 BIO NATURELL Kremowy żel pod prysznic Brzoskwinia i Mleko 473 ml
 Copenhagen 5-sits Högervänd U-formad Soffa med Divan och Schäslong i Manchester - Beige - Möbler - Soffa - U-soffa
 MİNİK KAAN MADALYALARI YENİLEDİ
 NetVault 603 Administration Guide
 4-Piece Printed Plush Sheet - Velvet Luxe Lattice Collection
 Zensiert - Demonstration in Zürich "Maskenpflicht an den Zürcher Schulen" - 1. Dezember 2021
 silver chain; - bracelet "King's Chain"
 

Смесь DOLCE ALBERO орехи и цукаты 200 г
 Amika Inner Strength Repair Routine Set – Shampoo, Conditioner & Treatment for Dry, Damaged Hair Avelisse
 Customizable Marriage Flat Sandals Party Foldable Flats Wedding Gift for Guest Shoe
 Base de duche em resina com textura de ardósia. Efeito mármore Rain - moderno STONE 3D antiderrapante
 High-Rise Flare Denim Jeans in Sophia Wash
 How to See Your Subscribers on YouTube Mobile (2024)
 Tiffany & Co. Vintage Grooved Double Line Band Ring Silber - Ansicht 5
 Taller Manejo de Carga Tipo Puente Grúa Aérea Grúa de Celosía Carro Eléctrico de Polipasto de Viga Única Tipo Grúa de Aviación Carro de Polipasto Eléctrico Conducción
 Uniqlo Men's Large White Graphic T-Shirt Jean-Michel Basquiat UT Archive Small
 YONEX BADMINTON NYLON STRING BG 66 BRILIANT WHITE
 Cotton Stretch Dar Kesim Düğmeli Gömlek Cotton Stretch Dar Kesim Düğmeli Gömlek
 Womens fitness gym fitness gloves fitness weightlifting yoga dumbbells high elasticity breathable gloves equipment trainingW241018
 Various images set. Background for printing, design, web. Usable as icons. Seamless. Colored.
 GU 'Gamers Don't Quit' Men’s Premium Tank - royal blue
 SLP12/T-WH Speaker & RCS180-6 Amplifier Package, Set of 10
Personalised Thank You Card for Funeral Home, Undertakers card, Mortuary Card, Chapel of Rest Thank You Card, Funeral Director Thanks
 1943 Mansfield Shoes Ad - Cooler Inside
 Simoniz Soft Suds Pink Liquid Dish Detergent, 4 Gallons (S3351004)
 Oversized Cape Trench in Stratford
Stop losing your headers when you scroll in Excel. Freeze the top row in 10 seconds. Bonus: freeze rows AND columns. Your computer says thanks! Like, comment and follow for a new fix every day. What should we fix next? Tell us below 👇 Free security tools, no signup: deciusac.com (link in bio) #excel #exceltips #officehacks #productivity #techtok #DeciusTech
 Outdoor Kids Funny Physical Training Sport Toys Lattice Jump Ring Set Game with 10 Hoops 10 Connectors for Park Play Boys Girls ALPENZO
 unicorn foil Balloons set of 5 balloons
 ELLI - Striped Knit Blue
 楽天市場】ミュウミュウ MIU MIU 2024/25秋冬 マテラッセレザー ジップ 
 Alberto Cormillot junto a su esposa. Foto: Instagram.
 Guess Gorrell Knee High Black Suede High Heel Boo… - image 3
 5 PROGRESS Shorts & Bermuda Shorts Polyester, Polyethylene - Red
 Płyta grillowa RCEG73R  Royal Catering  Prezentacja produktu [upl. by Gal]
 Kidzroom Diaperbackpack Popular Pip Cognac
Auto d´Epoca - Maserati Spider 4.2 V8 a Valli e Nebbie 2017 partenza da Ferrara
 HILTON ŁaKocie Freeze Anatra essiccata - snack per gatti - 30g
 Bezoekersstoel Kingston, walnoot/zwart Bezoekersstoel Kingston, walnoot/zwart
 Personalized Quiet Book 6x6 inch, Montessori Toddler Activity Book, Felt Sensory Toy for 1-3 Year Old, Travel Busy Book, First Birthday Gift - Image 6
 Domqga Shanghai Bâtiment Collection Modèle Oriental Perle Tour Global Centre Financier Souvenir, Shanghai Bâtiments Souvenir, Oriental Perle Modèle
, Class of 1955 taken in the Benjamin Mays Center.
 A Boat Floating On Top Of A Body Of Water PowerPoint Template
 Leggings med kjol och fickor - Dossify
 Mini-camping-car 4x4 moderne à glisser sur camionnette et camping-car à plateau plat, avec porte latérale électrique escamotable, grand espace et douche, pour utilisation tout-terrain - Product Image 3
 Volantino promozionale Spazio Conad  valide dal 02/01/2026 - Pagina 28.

● **PROBLEM TO WORK ON**: Find every line above that contains the word "Freeze", and return each one.

● **TASK RESULT**:
Stop losing your headers when you scroll in Excel. Freeze the top row in 10 seconds. Bonus: freeze rows AND columns. Your computer says thanks! Like, comment and follow for a new fix every day. What should we fix next? Tell us below 👇 Free security tools, no signup: deciusac.com (link in bio) #excel #exceltips #officehacks #productivity #techtok #DeciusTech
 HILTON ŁaKocie Freeze Anatra essiccata - snack per gatti - 30g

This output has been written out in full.